Тот мнется, что-то мямлит невразумительное о перспективах своей школы и возможностях тренерского штаба. Короче, хреновый из него соучастник. По всему видно, как ему не охота во все это ввязываться.
- Женя, - перебивает его на полуслове Бисяев, - ты можешь мне гарантировать, что спортсмен уровня Ланского не деградирует у тебя под началом, не растеряет за полгода все, на что был способен? Как это случилось с Асторной? Как с Камиль-Татищевой?.. Ты потянешь его или нет?
В меня вперивается короткий толстый палец бисяевской руки.
Шиповенко молчит, склонив голову и рассматривая свои ладони, явно демонстрируя, что подобных гарантий он давать не намерен.
- Понятно… - Бисяев кривит губы и поворачивается к Нинель. - Нина, что молчишь?

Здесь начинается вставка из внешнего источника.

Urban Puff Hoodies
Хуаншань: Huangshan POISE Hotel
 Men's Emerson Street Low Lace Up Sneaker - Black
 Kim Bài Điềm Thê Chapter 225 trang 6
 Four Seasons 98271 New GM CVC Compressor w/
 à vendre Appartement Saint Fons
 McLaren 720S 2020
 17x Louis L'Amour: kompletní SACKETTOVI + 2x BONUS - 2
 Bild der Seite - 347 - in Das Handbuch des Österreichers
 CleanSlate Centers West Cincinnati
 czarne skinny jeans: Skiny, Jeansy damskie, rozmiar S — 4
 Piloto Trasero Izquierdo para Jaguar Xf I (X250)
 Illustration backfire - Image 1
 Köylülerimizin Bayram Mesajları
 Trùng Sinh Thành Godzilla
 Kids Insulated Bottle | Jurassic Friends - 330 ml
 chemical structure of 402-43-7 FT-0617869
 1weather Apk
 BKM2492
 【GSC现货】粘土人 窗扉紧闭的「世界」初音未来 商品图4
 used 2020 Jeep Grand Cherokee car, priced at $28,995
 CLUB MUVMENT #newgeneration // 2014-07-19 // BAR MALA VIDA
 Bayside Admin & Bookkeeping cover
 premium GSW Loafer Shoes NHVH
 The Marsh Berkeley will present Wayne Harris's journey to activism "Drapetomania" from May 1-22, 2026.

- А что мне говорить-то? – пожимает плечами она. – Это же не я его выгоняю, - кивок в мою сторону, - это он уйти хочет. Школа без него переживет, и не такое переживали. Ну а сам он… Взрослый уже, может принимать решения. Если не хочет работать у нас – пускай работает там, где, по его мнению, ему будет лучше.
- Да его мнение меня вообще не волнует! - взрывается вдруг Бисяев. – Ох уж мне эти ваши золотые мальчики и девочки… Понапридумывают себе ерунды, возомнят невесть что… Подумаешь, первое место не занял, - это уже мне, - горе-то какое… Серебряная медаль олимпиады. Ты можешь сходу вспомнить, кто еще из наших достигал такого уровня, как ты?
- Он, - говорю раньше, чем думаю, кивая в сторону Шиповенко.
Это правда. Тогда, в две тысячи втором, в Солт-Лейк-Сити, Женя, вопреки усилиям Федина и надеждам Бисяева, стал вторым, уступив золото Леше Жигудину. И лишний раз напомнить об этом главе Федерации было не самой лучшей тактикой.
Бисяев свирепо смотрит на меня, потом снова поворачивает голову к Нинель.
- Нина, ты готова дальше терпеть этого мерзавца?
Нинель по-прежнему спокойна и невозмутима.
- Валентин Николаевич, вы же знаете, что… я терплю всех, кто может и хочет работать.